= TO DO =
Among the entries below, find the line with "3d illustration of" and the line with "エレガント金ゴールドウェーブブルーティール(緑がかった色) ラゲッジタグ (裏面横)". Return exactly those lines and every line between them, but no pictures.

── DATA LISTING

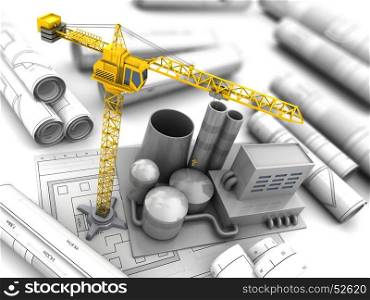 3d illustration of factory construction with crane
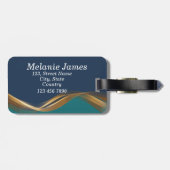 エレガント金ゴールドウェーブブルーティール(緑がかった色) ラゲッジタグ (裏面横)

────
── DATA LISTING

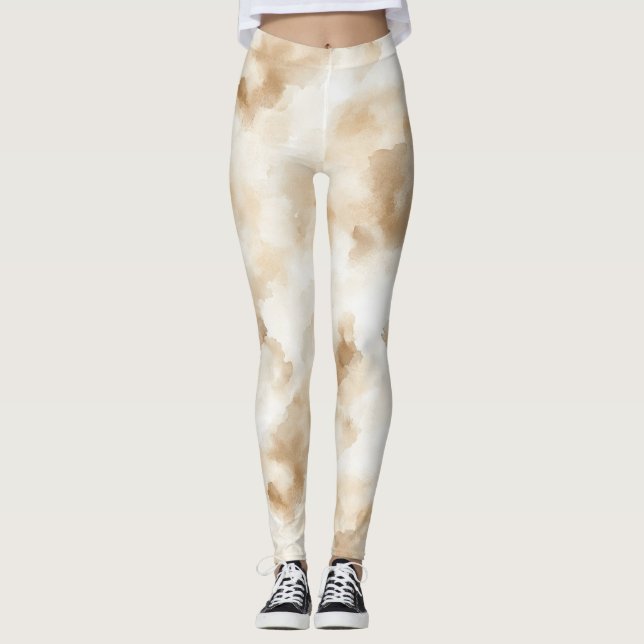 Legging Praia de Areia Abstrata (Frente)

────

= WORKED SOLUTION =
 3d illustration of factory construction with crane
 エレガント金ゴールドウェーブブルーティール(緑がかった色) ラゲッジタグ (裏面横)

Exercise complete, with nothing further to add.